Écrasez l’inf…, me répétez-vous sans cesse : eh ! mon Dieu ! laissez-la se précipiter elle-même ; elle y court plus vite que vous ne pensez. Savez-vous ce que dit Astruc ? « Ce ne sont point les jansénistes qui tuent les jésuites, c’est l’Encyclopédie, mordieu, c’est l’Encyclopédie. » Il pourrait bien en être quelque chose, et ce maroufle d’Astruc[1] est comme Pasquin, il parle quelquefois d’assez bon sens[2]. Pour moi, qui vois tout en ce moment couleur de rose, je vois d’ici les jansénistes mourant l’année prochaine de leur belle mort, après avoir fait périr cette année-ci les jésuites de mort violente, la tolérance s’établir, les protestants rappelés, les prêtres mariés, la confession abolie, et l’infâme écrasée sans qu’on s’en aperçoive.

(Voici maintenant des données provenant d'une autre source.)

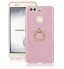 HUAWEI P9 plus Soft tpu Bling Kickstand Case with Ring Rotary Metal Mount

À propos, vous ne me parlez plus de votre ancien disciple[3], qui doit offrir une si belle chandelle à Dieu, et dire un si beau De profundis pour la czarine. Que dites-vous de sa position actuelle ? je ne doute point qu’il n’ait déjà fait des vers pour le czar ; assurément la chose en vaut bien la peine. Quant à moi, le papier m’avertit de finir ma prose, en vous embrassant mille fois[4].


4891. — À M. DEBRUS[5].
Aux Délices, à midi.

Plus je réfléchis, monsieur, sur l’épouvantable destinée des Calas, plus mon esprit est étonné et plus mon cœur saigne. Je vois évidemment que l’affaire traînera à Paris, et qu’elle s’évanouira dans les délais. Le chancelier est vieux[6]. La cour est toujours bien tiède sur les malheurs des particuliers. Il faut de puissants ressorts pour émouvoir les hommes, occupés de leurs propres intérêts. Nous sommes perdus si l’infortunée veuve n’est

  1. Jean Astruc, mort en 1765, n’est pas loué dans la Correspondance de Grimm, mai 1765. (B.)
  2. Piron a dit dans la Métromanie, acte II, scène viii ;

    Le bon sens du maraud quelquefois m’épouvante.

  3. Le roi de Prusse.
  4. Une lettre de La Chalotais (L.-René de Caradeuc de), procureur général au parlement de Bretagne, adressée à Voltaire le 4 mai 1762, est signalée dans un catalogue d’autographes avec cette mention : « Très-belle lettre d’envoi de son ouvrage contre les constitutions des jésuites et le fanatisme qu’elles renferment, et contre la barbarie de l’éducation française. »
  5. Éditeur, A. Coquerel. — Autographe.
  6. Guillaume II de Lamoignon, chancelier de France depuis 1750, était né en 1683 ; il avait donc, en 1762, soixante-dix-neuf ans.